Crd:gotquestions.org;

Monday, July 29, 2019

1/ 1725► 1st Great Awakening

 
Commonly called “The Great Awakening” this was certainly not 
the greatest revival in numerical growth or geographical scope. 
Nevertheless, it well deserves the title because it was the first 
discernible occasion that God’s Spirit was outpoured 
simultaneously across different nations. 

Historically, the beginning of this awakening can be traced to 
the Moravian community called “Herrnhut” (the Lord’s watch), 
where a visitation from God was experienced after 
a period of prayer, repentance and reconciliation in 1727. 

Nikolas Count Ludwig Von Zinzendorf, a German, was the leader of 
the movement that began a 24 hour-a-day prayer meeting, 
which lasted the next 100 years. In the next 65 years that small 
community sent out 300 radical missionaries. 

Their revived German Pietism was destined to influence two other 
harvest fields, which were on God’s agenda for that time - England and 
America. Griffith Jones, a young Anglican clergyman, often called the
 ‘morning star of the revival,’ was making a mark in Britain through 
his revival preaching for at least 10 years before Theodore 
Frelinghuysen, a Dutch reformed Pietist, began 
to see remarkable conversions in America. 

He preached in 1727 with revival signs following 
his ministry in New Jersey. The revival spread to the 
Scottish-Irish Presbyterians under the 
ministry of Gilbert Tennant, whose father, William, founded the 
famous “Log College”, which later became the Princeton University.

 Revival then spread to the Baptists of Pennsylvania and Virginia 
before the extraordinary awakening that occurred on Northampton, Massachusetts, under the ministry of Jonathan Edwards in 1734. 
 Edward’s personal experience of revivals and his sharp mind 
enabled him to produce a number of revival theologies and 
pastoral observations, which have yet to be surpassed 
in their wisdom and insight. 

Thereafter, the revival spread to England and was further 
advanced in America by a visit of George Whitefield in 1739. 
The effects of the revival were phenomenal. 
Statistics are hard to find, but we know that 150 new 
Congregational churches began in a 20-year period and 
30,000 were added to the church between 1740 and 
1742, probably doubling its size. 

 Moral results were equably noticeable. 
Nine university collegeswere established in the colonies. 
The wild frontier society was thoroughly Christianised. 
 Early missionary desire began to emerge, most notably in 
the ministry of David Brainerd among the Indians.
 His journals are essential reading for all those seeking revival. 

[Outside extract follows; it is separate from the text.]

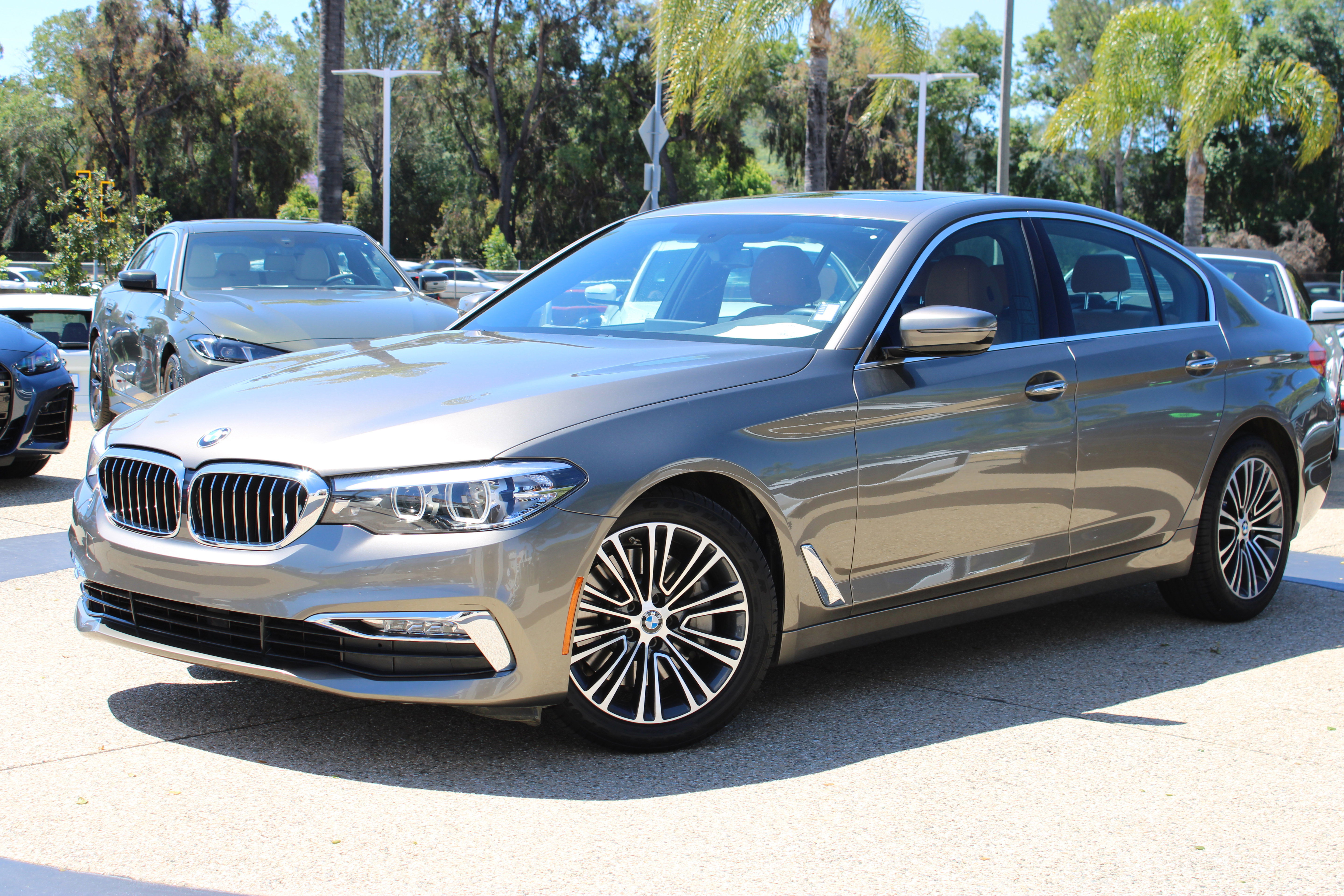 Used 2018 BMW 540i RWD image 1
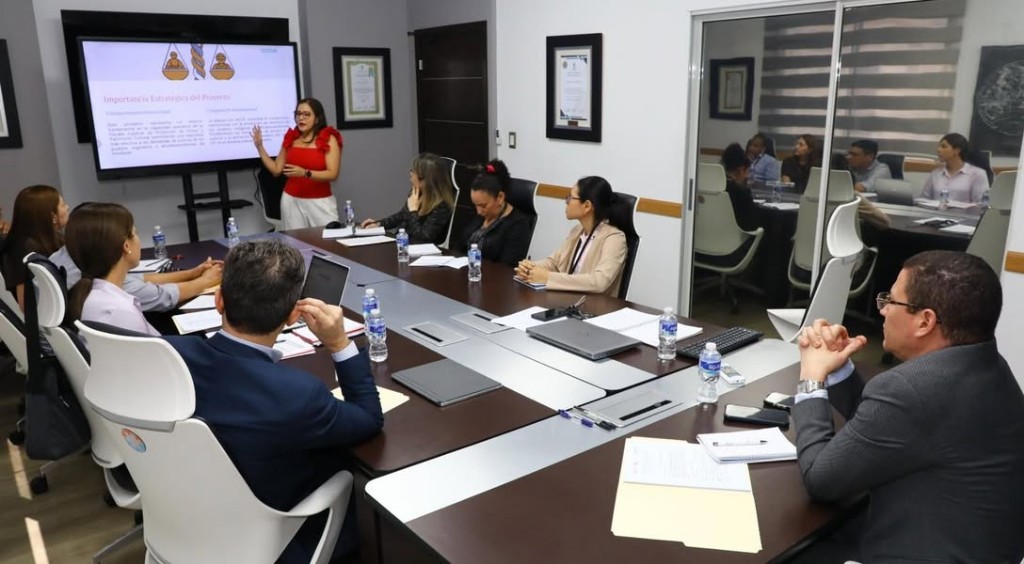 Fiscal General Adjunto y AECID evalúan avances en el uso de fondos para el fortalecimiento de la Fiscalía de Etnias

Back in Britain a massive movement of revival had began and 
was bound up with the ministries of two young men, George 
Whitefield and John Wesley. Both had been members of 
the Holy Club in Oxford while they were students.

Wesley went off, still unconverted, to America to preach to 
the Indians in 1736, returning in 1738. The only benefit of 
this venture was his contact with the Moravians, who he could not 
understand, but for whom he had a great respect. 

On Wesley’s return, Whitefield had been converted and was already 
preaching with great effect. For 34 years he exercised a most 
amazing preaching ministry, with revival signs often following him. 
His eloquence was commanding and convincing, full of vivid 
pictures and graphic expressions. “His hearers were taken by 
surprise and carried by storm” (J C Ryle). 

The height of Whitefield’s ministry was at the famed Cambuslang 
Awakening in 1742, when 20,000 and 30,000 people gathered to hear 
him preach, followed by mass weeping and repentance for 1½ hours. 
During Whitefield’s ministry he preached in almost every town of 
England, Scotland and Wales, crossing the Atlantic seven times; 
winning countless souls in Boston, New York and Philadelphia. 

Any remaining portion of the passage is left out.